Assim, “onde abundou o pecado, superabundou a graça” (Rm 5, 20). Pedro foi a “pedra” escolhida por Jesus para ser o fundamento de sua Igreja, o primeiro Papa, o seu “vigário” aqui na terra. Assim como Jesus, “a pedra rejeitada pelos construtores tornou-se a pedra angular” (Mt 21, 42). Pedro caracteriza bem a Igreja, em seu aspecto humano e divino. Fraca e forte, desprezível e imbatível, sacudida, mas indefectível, cheia de pecadores, mas santa em sua doutrina e na sua graça. E isso por causa da garantia que lhe dá o próprio Jesus Cristo. A vinda do Espírito Santo transformou aquele pescador em um sábio poliglota, em um valente defensor de Cristo, até com a própria vida. Por isso, apesar de todas as fraquezas da sua parte humana, ele recebeu o carisma de confirmar os seus irmãos na Fé e de apascentar as ovelhas e os cordeiros do Senhor. E os poderes do Inferno jamais prevalecerão contra a Igreja, edificada sobre essa pedra: “Non praevalebunt! (Mt 16, 18)”. 

O CONCLAVE E A CRISE


A Igreja aqui na terra chama-se militante, quer dizer, continuamente em guerra, contra inimigos internos e externos, ou seja, “em crise”. Mas isso já há dois mil anos! A paz completa só será na Igreja triunfante do Céu, quando a “Barca de Pedro”, após passar pelas ondas do mar bravio desse mundo, chegar ao porto da salvação eterna.   
 “Para levantar a Igreja do estado de relaxamento e de confusão em que se encontram universalmente todos os níveis, nem toda a ciência e prudência humana conseguem remediar, mas é preciso o braço onipotente de Deus.
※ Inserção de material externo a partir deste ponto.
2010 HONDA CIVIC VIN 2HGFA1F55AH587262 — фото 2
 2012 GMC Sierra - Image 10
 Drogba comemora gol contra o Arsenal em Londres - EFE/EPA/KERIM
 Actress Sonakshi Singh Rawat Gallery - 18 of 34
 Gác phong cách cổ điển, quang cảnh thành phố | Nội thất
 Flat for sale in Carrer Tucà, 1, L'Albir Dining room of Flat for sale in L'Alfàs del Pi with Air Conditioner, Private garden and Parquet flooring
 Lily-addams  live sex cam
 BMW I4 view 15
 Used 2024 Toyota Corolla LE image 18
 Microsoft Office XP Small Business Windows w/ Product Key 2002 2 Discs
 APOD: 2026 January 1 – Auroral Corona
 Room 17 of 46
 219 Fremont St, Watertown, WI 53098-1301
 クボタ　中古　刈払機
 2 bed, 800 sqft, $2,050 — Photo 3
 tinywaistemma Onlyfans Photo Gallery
Entre os bispos, poucos são os que têm verdadeiro zelo pelas almas. As comunidades religiosas, quase todas e mesmo sem o quase, estão relaxadas, porque nas congregações, na presente confusão das coisas, falta a observância e a obediência se perdeu. No clero secular as coisas estão piores e, por isso, faz-se necessária aí uma reforma geral para todos os eclesiásticos, de maneira a reparar a grande corrupção dos costumes, que existe entre os seculares”.
“Por isso é preciso rezar a Jesus Cristo que nos dê um Chefe da Igreja que, mais do que de doutrina e de prudência humana, seja dotado de espírito e de zelo pela honra de Deus, e seja totalmente alheio a qualquer partido e respeito humano, porque se, por nossa desgraça, acontecesse um Papa que não tem apenas a glória de Deus diante dos olhos, o Senhor pouco o assistirá e as coisas, como estão nas presentes circunstâncias, irão de mal a pior”.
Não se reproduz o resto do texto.